Determine whether for the series of independent random variables any (either weak or strong) Law of large numbers is true. The variables are defined as below: $$P(X_k=2^k)=P(X_k=-2^k)=\frac{1}{2}.$$ I thought of using the following theorem: $$\text{For the series of random variables }\{X_n\}_{n=1}^{\infty}\text{, where }\mathbf EX_n<\infty\text{, the strong / weak law of large numbers is true}\iff \frac{\sum_{i=1}^{n}X_i-\sum_{i=1}^n\mathbf EX_i}{n}\text{ converges almost surely / converges in probability towards 0}$$
Firstly, I found the expected value of each variable and it's $0$, therefore $$\sum_{i=1}^n\mathbf EX_i=0$$ for every natural n, and $$\mathbf Var(X_k)=2^{2k}.$$
For the weak law I tried using Markov's inequality, to simply determine that $$\forall \epsilon >0\quad \lim \limits_{n \to \infty }P(\lvert\frac{1}{n}\sum_{i=1}^{n}X_i\rvert>\epsilon)=0,$$ but all I got was that's just smaller than infinity, which gave me nothing.

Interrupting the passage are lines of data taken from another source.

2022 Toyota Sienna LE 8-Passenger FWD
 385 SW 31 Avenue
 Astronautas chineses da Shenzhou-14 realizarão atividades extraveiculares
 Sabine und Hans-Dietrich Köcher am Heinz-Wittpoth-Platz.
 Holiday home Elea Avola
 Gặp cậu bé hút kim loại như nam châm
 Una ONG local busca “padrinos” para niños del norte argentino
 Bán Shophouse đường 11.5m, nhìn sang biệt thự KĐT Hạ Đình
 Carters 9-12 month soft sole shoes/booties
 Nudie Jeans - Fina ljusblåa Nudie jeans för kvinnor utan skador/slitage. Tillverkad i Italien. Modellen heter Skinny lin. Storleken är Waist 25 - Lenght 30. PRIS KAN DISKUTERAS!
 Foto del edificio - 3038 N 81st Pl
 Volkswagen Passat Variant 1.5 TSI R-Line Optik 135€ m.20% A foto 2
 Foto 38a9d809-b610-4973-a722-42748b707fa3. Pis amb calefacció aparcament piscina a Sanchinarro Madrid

For the strong law I tried finding the limit of $$\frac{1}{n}\sum_{i=1}^{n}X_i,$$ but can't seem to prove or disprove that it's 0.
It would be great to receive some help from you.
Let $S_n=X_1+X_2+...+X_n$. If $\frac {S_n} n$ converges in probability then $\frac {X_n} n$ converges to $0$ in probability. But $P\{|\frac {X_n} n|>1\} \geq P\{X_n =2^{n}\} =1/2$ if $n$ is so large that $2^{n} >n$. Hence weak law does not hold. [For the first step use: $\frac {X_n} n=\frac {S_n-S_{n-1}} n= \frac {S_n} n- \frac {n-1} n \frac {S_{n-1}} {n-1}$].